Wednesday, March 1, 2023

2023 - March - I not I ?

 Over the years, I've addressed aspects of POV-Viewpoint, which are two different things. POV is the who and Viewpoint is the how of a narrator telling the story. This month, let's look at an aspect of the "I" narrator.

Some writers think using the first person "I" narration is better than the other POV-Viewpoint techniques. Trouble is, new writers inadvertently confuse who the "I" narrator really is because there can be two different "I" personalities on the page.

The first "I" is the writer. The second "I" is the story's narrator. When the writer hits the page, it usually becomes an Author Intrusion—which is to be avoided because readers hate them. There are different types of Author Intrusions. The blatant ones go something like, "little did she know what awaited her tomorrow."

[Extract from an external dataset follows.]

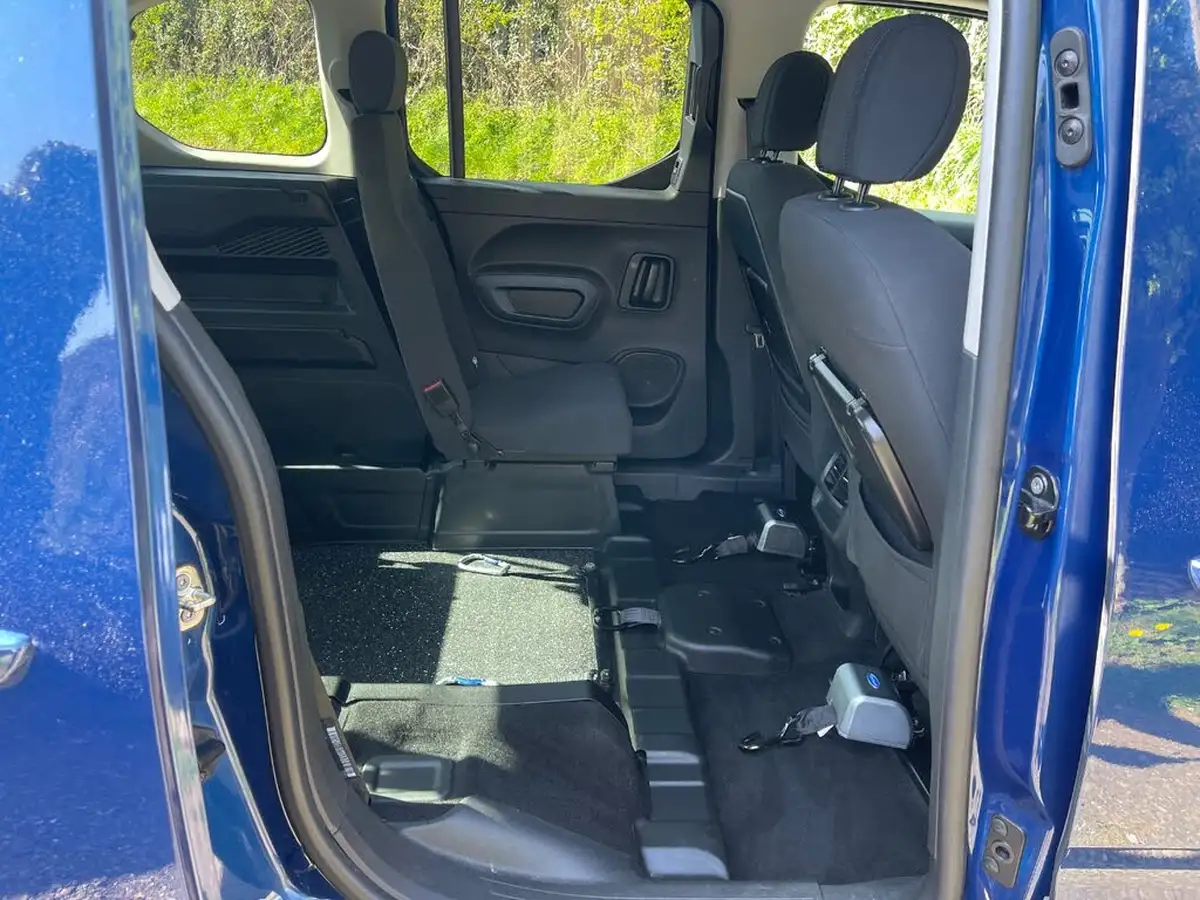 2019-peugeot-rifter-15-bluehdi-allure-130bhp-standardss-eat8-big-11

Anther blatant type is to get historic facts wrong, like a writer stating Genghis Khan as a ruler when the story was set years after his death and the correct name should have been Kublai Khan.

The more subtle Author Intrusions are harder to locate. These include characters not acting like they should. An example would be a drugged victim speaking with clarity or a street-wise kid spouting Ivy-league words or using their diction or syntax are those of the writer.

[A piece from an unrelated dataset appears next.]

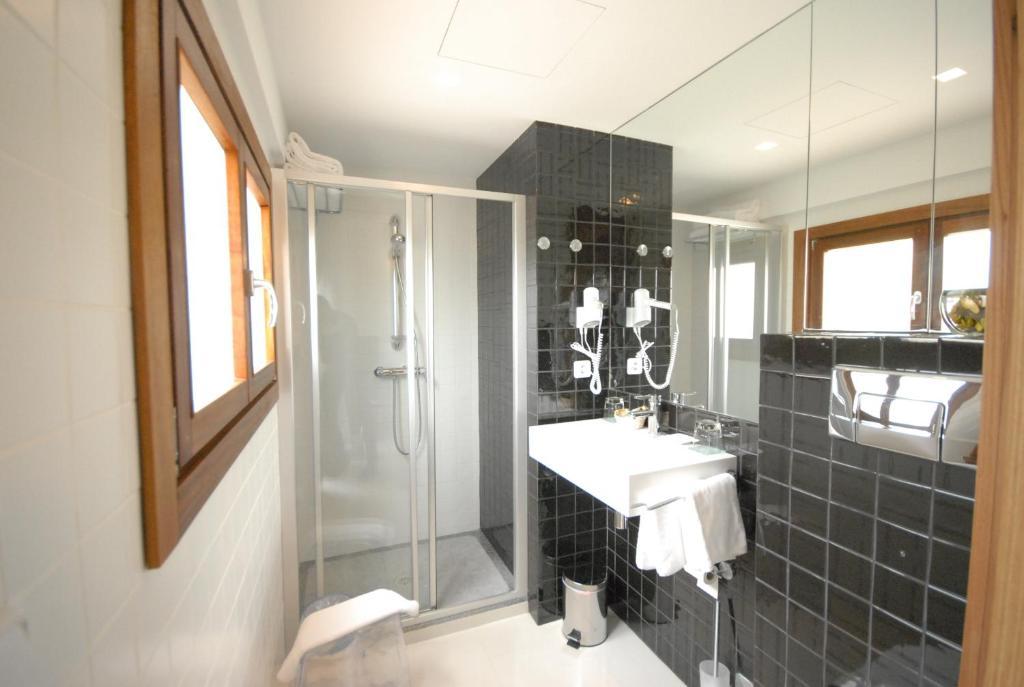 Bugdet Standard Double Room (2 Adults) - Annexe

The worst kind of Author Intrusion is the writer turning a character into their personal crusader. Yes, a character can be profoundly prejudicial, bigoted, and on a crusade of their own. When the writer steps in and takes over the narrative from the character to expound on a virtue or vice dear to the author's heart, that's what will turn off the reader.

So, is there a way to spot or avoid Author Intrusions and catch those substitutions of the I of the narrator versus the I of the writer? Here are two:

1) Do not edit as you write. Once a draft is done, let it set, step away from the story and characters. Come back to the draft and listen for the voice of the narrator coming off the page. Does it sound like the character or is it different—like the writer's voice? Of course, all depends on the writer's ability to hear the voices coming off the page and to distinguish their own voice from the characters.

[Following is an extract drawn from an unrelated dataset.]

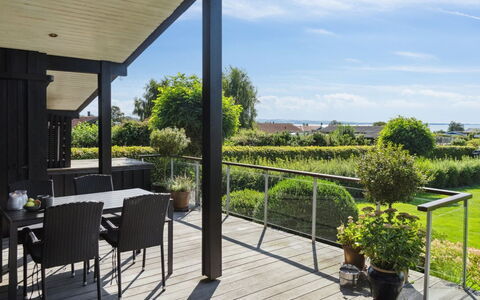 Kerstin - 400M from the Sea: Dak, Huis, Deur, Verblijf, Schaduw, Siding, Werf, Landgoed, Backyard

2) Know your characters. Some writers use character sketches, character questionnaires, character worksheet on which to delve deep into their characters back story, their personalities, likes, dislikes, prejudices, their moral fiber, their mannerisms, their speech patterns, their motivations, and more. Other writers draft text and, in the revision process, they self-edit. They may also depend on critique partners or groups and beta readers to spot and fix Author Intrusions.